AIM OF THE EXERCISE :: Look for "有陪猫塔智能猫厕所控砂垫猫砂垫防臭踏板K台阶门帘防外溅带砂配" in the records below, then copy that line and every line after it, exactly and with nothing added.

Short descriptive text snippets:
**********
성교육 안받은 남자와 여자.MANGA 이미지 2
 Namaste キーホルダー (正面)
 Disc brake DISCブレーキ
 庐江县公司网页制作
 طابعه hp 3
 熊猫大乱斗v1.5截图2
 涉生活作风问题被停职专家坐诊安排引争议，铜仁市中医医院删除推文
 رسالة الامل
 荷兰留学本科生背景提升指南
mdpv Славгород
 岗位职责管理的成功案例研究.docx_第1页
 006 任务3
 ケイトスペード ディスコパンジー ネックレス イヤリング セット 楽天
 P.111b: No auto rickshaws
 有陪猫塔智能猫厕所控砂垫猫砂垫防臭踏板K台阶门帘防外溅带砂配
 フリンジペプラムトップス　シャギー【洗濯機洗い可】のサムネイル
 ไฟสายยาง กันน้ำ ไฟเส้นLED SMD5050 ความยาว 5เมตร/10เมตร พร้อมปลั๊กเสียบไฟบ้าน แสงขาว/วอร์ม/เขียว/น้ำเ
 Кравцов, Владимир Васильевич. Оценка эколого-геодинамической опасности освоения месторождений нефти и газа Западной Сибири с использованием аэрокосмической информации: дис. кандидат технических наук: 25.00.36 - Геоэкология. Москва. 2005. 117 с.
**********
ANSWER ::
 有陪猫塔智能猫厕所控砂垫猫砂垫防臭踏板K台阶门帘防外溅带砂配
 フリンジペプラムトップス　シャギー【洗濯機洗い可】のサムネイル
 ไฟสายยาง กันน้ำ ไฟเส้นLED SMD5050 ความยาว 5เมตร/10เมตร พร้อมปลั๊กเสียบไฟบ้าน แสงขาว/วอร์ม/เขียว/น้ำเ
 Кравцов, Владимир Васильевич. Оценка эколого-геодинамической опасности освоения месторождений нефти и газа Западной Сибири с использованием аэрокосмической информации: дис. кандидат технических наук: 25.00.36 - Геоэкология. Москва. 2005. 117 с.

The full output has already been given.